「憲法第九条は日本人がつくった」…すでに否定された「神話」が今でも支持されるワケ
「平和ナショナリズム」としての憲法第九条
十七条憲法が憲法第九条の起源だとする田畑と深瀬の主張は、今日では支持されていません。学問的に見ても二人の主張は荒唐無稽なものです。田畑や深瀬の思想を高く評価する研究や書籍でも、これらの議論について言及されることはまずありません。そもそも、こうした主張がなされたこと自体ほとんど知られていないのです。 興味深いのは、田畑にしろ深瀬にしろ、憲法第九条が日本古来の平和思想と結びついているのだから、憲法第九条は「押しつけ」ではないと主張した点です。これは「平和ナショナリズム」とでもいうべき発想に基づいているといえます。つまり、憲法第九条は日本という国だったからこそ実現したのであり、これを誇りとして平和国家日本を世界に示すべきであるという、日本を特別視する考え方が二人の考えからうかがえます。 日本を特別視する考え方を「日本スゴイ」と表現することがあります。

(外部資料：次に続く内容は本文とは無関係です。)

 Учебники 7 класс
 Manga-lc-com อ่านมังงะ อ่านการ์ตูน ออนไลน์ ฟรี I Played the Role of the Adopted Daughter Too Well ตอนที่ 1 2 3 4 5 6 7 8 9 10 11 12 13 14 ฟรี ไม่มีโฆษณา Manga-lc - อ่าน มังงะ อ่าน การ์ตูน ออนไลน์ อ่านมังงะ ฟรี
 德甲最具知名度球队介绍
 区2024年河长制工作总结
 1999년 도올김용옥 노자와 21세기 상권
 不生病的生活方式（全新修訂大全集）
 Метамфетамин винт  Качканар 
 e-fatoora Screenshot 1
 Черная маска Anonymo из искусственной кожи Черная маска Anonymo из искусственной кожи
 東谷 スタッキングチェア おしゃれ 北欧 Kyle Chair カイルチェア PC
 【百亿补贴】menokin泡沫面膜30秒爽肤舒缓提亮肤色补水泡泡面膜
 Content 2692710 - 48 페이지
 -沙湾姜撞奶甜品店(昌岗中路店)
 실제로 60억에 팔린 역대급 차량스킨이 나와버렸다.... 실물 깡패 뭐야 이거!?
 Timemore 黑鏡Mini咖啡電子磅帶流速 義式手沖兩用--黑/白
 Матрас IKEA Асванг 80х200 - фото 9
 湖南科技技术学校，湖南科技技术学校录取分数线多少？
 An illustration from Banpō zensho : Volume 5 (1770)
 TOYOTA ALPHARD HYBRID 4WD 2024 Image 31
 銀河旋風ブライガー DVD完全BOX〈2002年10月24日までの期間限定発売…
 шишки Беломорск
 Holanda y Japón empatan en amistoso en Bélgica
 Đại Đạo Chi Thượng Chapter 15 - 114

いってしまえば、過剰な日本評価を揶揄する表現なのですが、主に右派層・保守層を批判する際に用いられます。しかし、田畑や深瀬の議論は「憲法第九条スゴイ」、ひいてはその平和的思想の源流を持つ「日本スゴイ」という発想に基づいていたといえるでしょう。愛国心やナショナリズムに対して、護憲派は批判的であると考えられがちですが、当時の憲法学者たちは積極的にナショナリズムを受容して、憲法の正当性を訴えていたのです。 こうした考え方の思想的意義や背景については、今後さらに検討する必要があります。「平和ナショナリズム」とでもいうべき憲法第九条とそれを持つ日本を特別視する思想は、今日の護憲派も「憲法第九条は世界の宝」というような謳い文句を掲げている様子を見ると、今なお根付いているようにも思われます。
幣原発案説と伝記
今日でも一部の研究者やメディアや論者によって、幣原発案説は根強く支持されています。彼らの議論を見ていると、第二次安倍晋三内閣の発足以後、改憲議論が加速する中で、それに対する対抗言説として主張されていたことが分かります。彼らの議論のほとんどは、すでに否定された史料を用いていたり、幣原が平和思想の持ち主であったという誤った立場に基づいています。 幣原発案説に決定的な影響を与えているのが伝記です。幣原の伝記は1955年に幣原平和財団という財団から発行されました。伝記の目的は幣原の事績を顕彰することにありました。敗戦後に発刊されたこともあってか、幣原の理想主義的な言説が多く引用されました。主に引用される言説は外相就任時の記者会見、議会での演説、大学での講演です。これらの中で幣原は対中外交協調外交の正当性や、国際協調の必要性、平和の重要性を訴えていました。 この伝記に大きな影響を受けたのが深瀬です。深瀬は自らの論文で、これらの言説を引用して幣原の平和思想について論じています。この他の幣原発案説を支持する研究の多くが、幣原を顕彰する伝記を引用して平和思想を論じています。また、深瀬の議論も複数の研究者によって参照されています。 しかし、当然のことですが伝記によって恣意的に引用された言説を論拠とするのは、学問的には正確性を欠いた議論です。注意すべきは、幣原によるこれらの言説は表向きのメディアパフォーマンス的要素を含めた内容であり、実際の外交指導とはギャップがありました。 先にも述べたとおり、実際の幣原は国益を重視する現実主義的な外交指導を展開していたのです。たとえば、対中不干渉外交を表向きは掲げておきながら、実際は陸軍による中国への政治的介入をあえて黙認していました。このように幣原は表向きの立場と実際の外交指導における立場を巧みに使い分けており、したたかに立ち振る舞っていたのです。 幣原は外交のプロでしたから、第一次世界大戦後の国際協調的な風潮を受けて、表向きには理想主義的な外交思想を支持していたものの、それが有効に機能するとは限らないことを理解していたのです。幣原発案説を支持する人びとは、実際の幣原ではなく伝記が描く「平和主義者」としての幣原のイメージをそのまま受容してしまったのです。ここに、幣原発案説の重大な問題点の一つがあるといえるでしょう。